Records contained in a dataset:
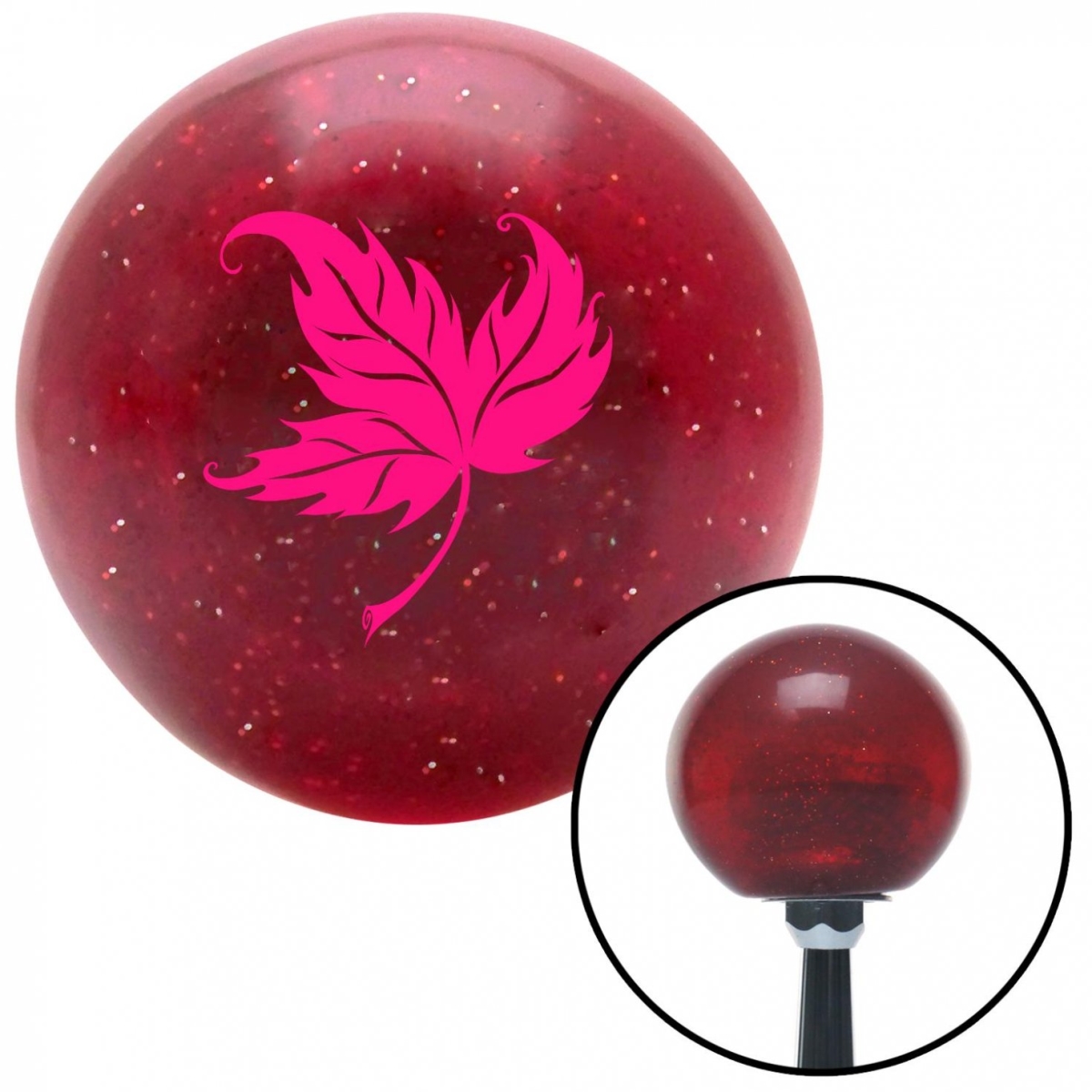 American Shifter 53983 Pink Falling Leaf Red Metal Flake Shift Knob with M16 x 1.5 Insert Shifter Auto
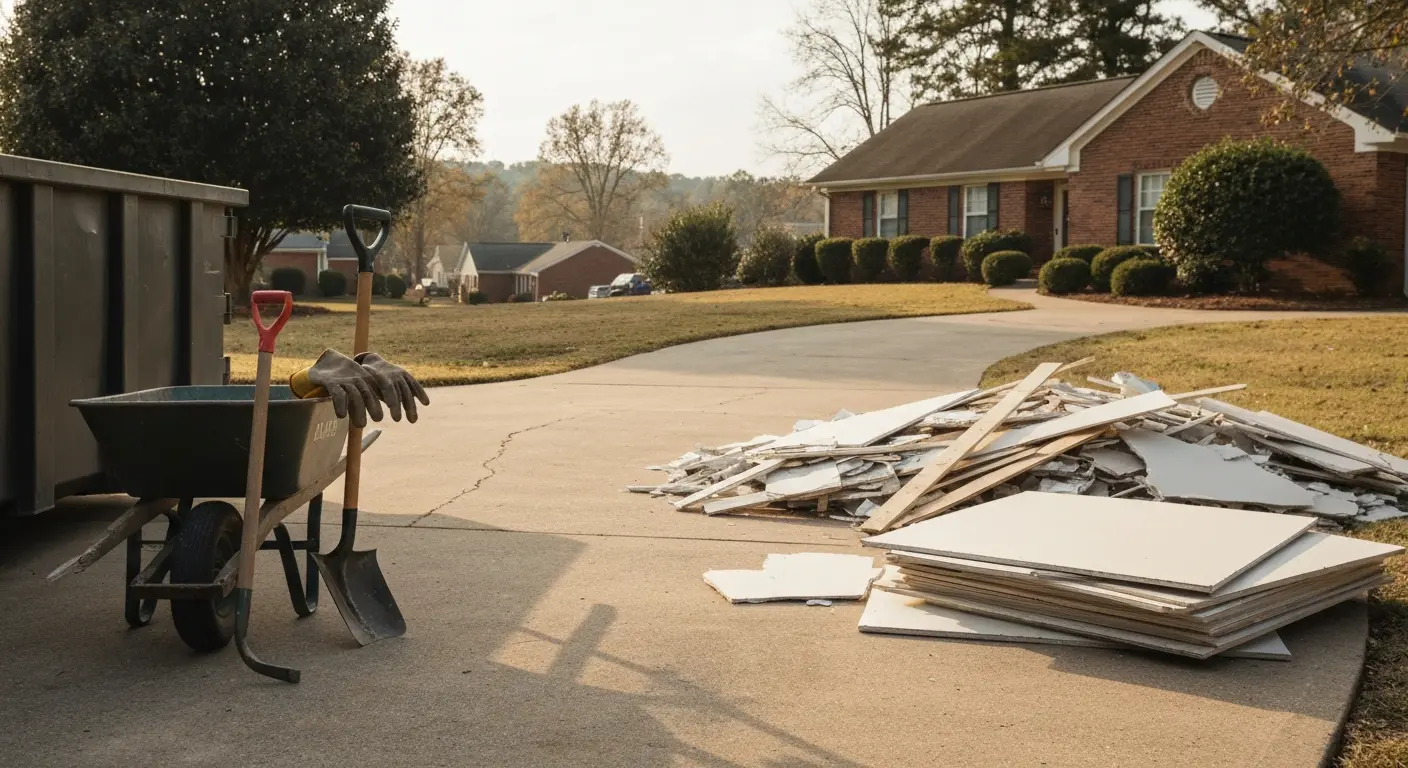 Renovation debris removal in Hickory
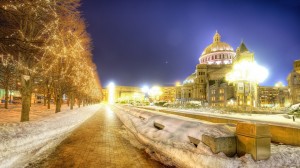 Sfondi luci notturne HD boston sotto la neve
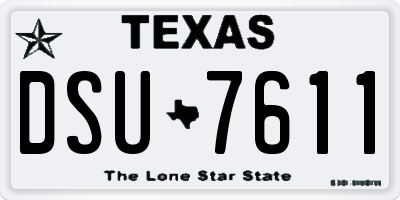 TX license plate DSU7611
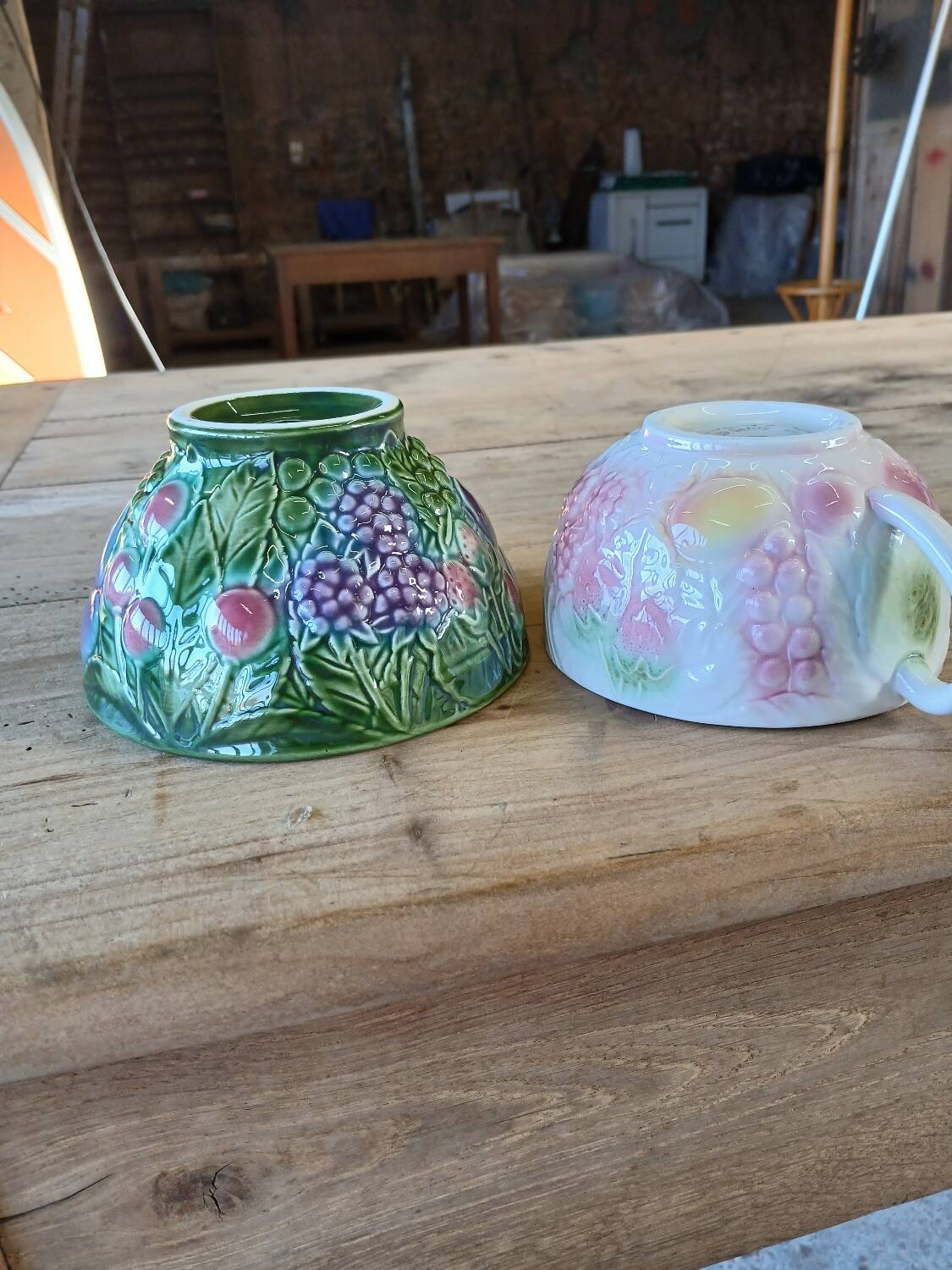 2 old Barbotine bowls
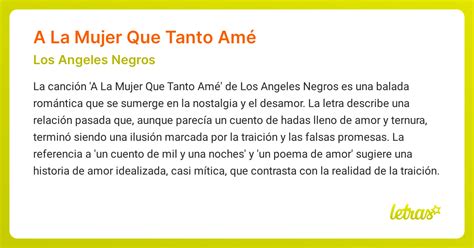 Significado de la canción A LA MUJER QUE TANTO AMÉ (Los Angeles Negros ...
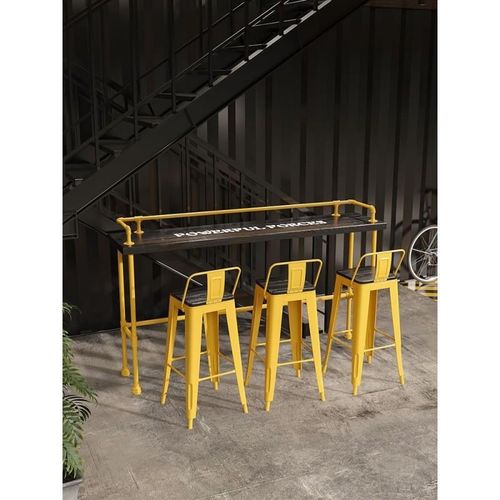 zh实木吧台桌奶茶店铁艺咖啡厅长条桌子酒吧清吧工业风高脚桌椅组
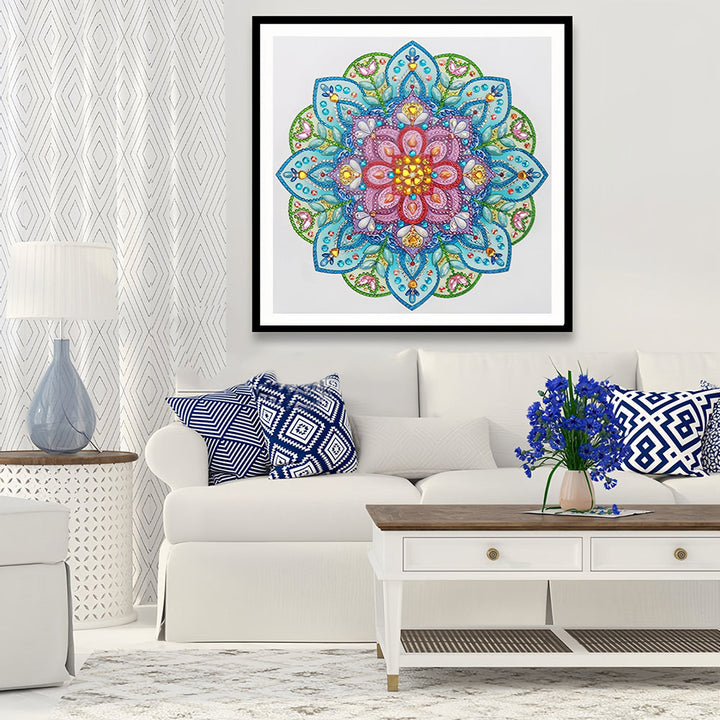 Groene Mandala Bloem Speciaal Gevormde Boren Diamond Painting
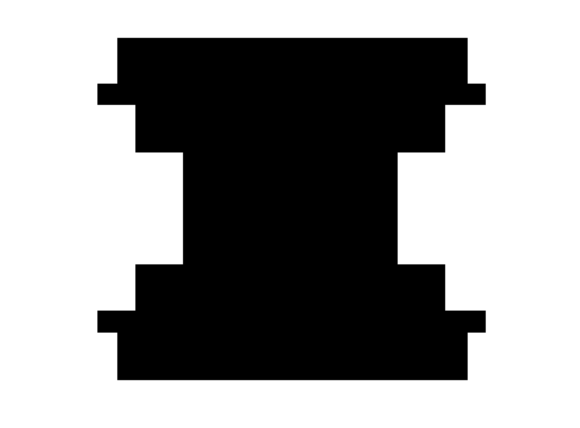 Mono Blocky Bitmap Letter I for Graphics and Crafts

TASK OBJECTIVE: Without any pictures, please reproduce the full set of entries.

WRITTEN SOLUTION:
 American Shifter 53983 Pink Falling Leaf Red Metal Flake Shift Knob with M16 x 1.5 Insert Shifter Auto
 Renovation debris removal in Hickory
 Sfondi luci notturne HD boston sotto la neve
 TX license plate DSU7611
 2 old Barbotine bowls
 Significado de la canción A LA MUJER QUE TANTO AMÉ (Los Angeles Negros ...
 zh实木吧台桌奶茶店铁艺咖啡厅长条桌子酒吧清吧工业风高脚桌椅组
 Groene Mandala Bloem Speciaal Gevormde Boren Diamond Painting
 Mono Blocky Bitmap Letter I for Graphics and Crafts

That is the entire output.